As she realizes the danger associated with these strange auras, Cora is inexplicably drawn to Finn, a gorgeous Irish exchange student who makes her feel safe. Their attraction is instant, magnetic, and primal—but her father disapproves, and Finn’s mother orders him home to Ireland upon hearing he’s fallen in love. After a fight with her father, Cora flees to Ireland, both to follow Finn and to look for her missing mother.
There she meets another silver-haloed person and discovers the meaning of her newfound powers and their role in a conspiracy spanning centuries—one that could change mankind forever…and end her life.
*I received a free ARC of Scintillate from Entangled via Netgalley in exchange of an honest review*
Scintillate is a mesmerizing tale where some of the characters can see auras, and there are aura-killers who are searching for those with a silver-aura that scintillate, because their energy is like the sun – never-ending, beautiful, warm and life-giving.
Even if there are some of the most well-known YA tropes present in Scintillate, like insta-love, some kind of love-triangle, and one missing parent while the other is too controlling, I enjoyed the story.

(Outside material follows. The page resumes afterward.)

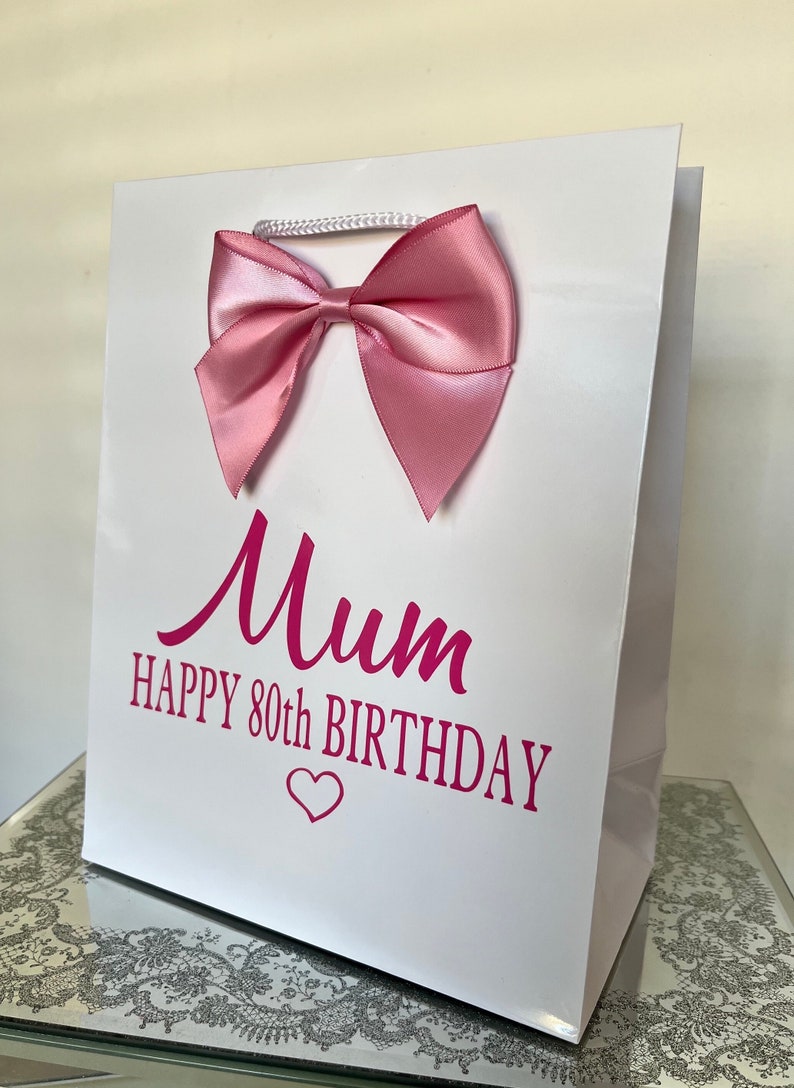 May include: White gift bag with a pink satin bow and a white cord handle. The bag has the words "Mum HAPPY 80th BIRTHDAY" in pink script. A pink heart is below the text.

Cora has been kept in the dark about what she is and what she can do for most of her life, and when she falls very ill and can see auras when she wakes up, she has no idea what is happening to her. And her father is no help, apart from the fact that she can see in his aura that he is keeping secrets from her.

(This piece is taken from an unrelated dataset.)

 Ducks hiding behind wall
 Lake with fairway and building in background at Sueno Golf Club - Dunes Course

Scintillate mesmerized me because the paranormal aspect of the story is so different, and seeing auras is also something I believe some people can do in the real world. From California to Ireland, Cora goes on a quest to find out what happened to her mother thirteen years ago to make her disappear. And of course, handsome Finn whom she dated a few times while he was an exchange student, shows up in Ireland as well.
The writing is good, I was right inside the story alongside Cora and her friends from the start, and I was very intrigued by the auras, and the mystery with the man following Cora around. His aura being plain white, and his ability to completely deplete another person’s aura until that person died certainly made for some excitement as Cora had to get away from him several times. Pretty fast-paced most of the time, there is no use to try to figure things out, even if I did guess one thing – and ended up being a little sad I was right.

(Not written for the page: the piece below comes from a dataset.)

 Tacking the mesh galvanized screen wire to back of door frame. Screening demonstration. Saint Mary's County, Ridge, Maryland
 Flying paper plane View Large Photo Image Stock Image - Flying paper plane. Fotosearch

Cora is a typical teenager in many ways, she wants freedom, and to make her own decisions. When she realizes that sometimes it is important to be protected, though, she understands that what she saw as controlling from her father really was his way of keeping her safe. If you are looking for a different paranormal YA story, and you would like to take a trip to Ireland, Scintillate should make its way to your shelf so you can read it soon.
Eventually, I slept, though fitfully due to a creepy light that appeared whenever I closed my eyes. It began as a far-off point but advanced – bit by bit – toward me. My stomach clenched with fear. The light moved deliberately, as if nothing on earth could stop it. As if it were time itself stalking me.
Finn Doyle had unfortunate taste in friends. He was one of them. The banal, popular crowd I found so irritating. I nicknamed them the VIPs. (Vapid. Irritating. Populars.)
I fixated on the woman in front of me who, if you counted the misty blue-white fog around her, had a personal space boundary of about three feet, nearly touching my abdomen. I took a tiny step back.